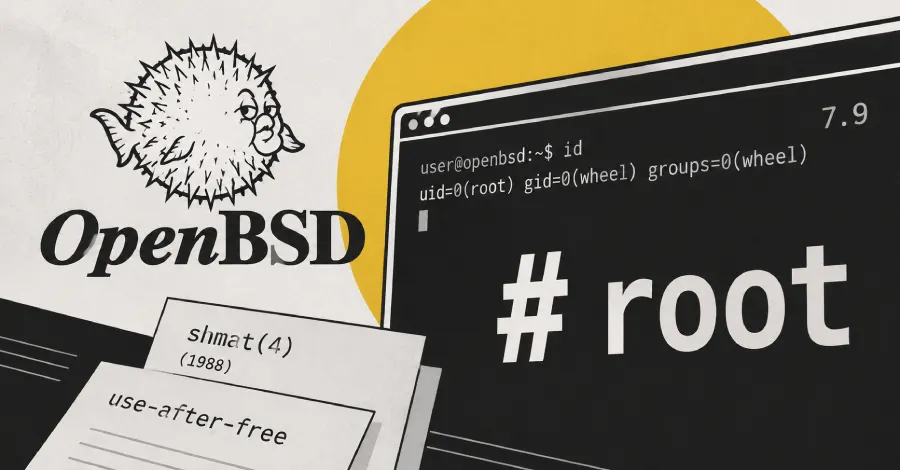 Эксплойт для OpenBSD 7.9 даёт root через баг 37-летней давности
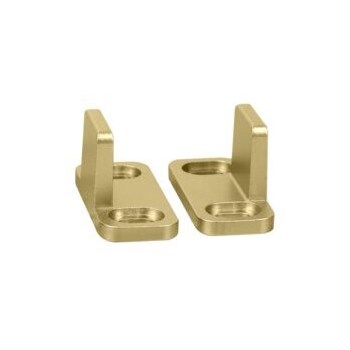 275513 Interior Barn Door Hardware Double Floor Guide - Brushed Gold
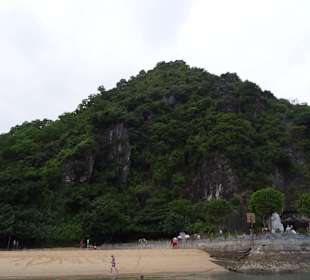 Strand von der Insel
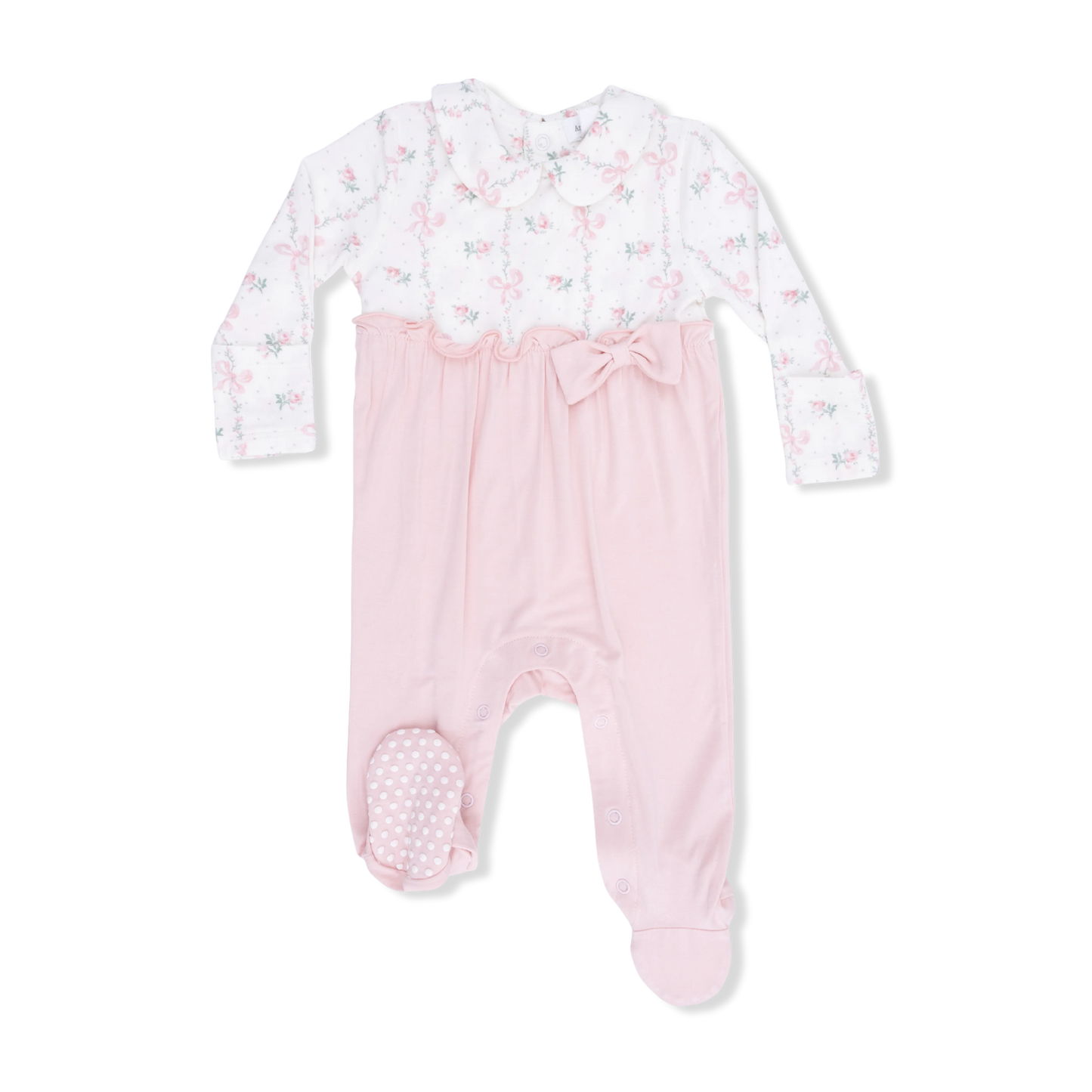 Dainty Buds and Bows Footie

- DIRECTIONS FOR THIS TASK
Apart from the images, reproduce the listing exactly as it appears.

- EXERCISE ANSWER
 Эксплойт для OpenBSD 7.9 даёт root через баг 37-летней давности
 275513 Interior Barn Door Hardware Double Floor Guide - Brushed Gold
 Strand von der Insel
 Dainty Buds and Bows Footie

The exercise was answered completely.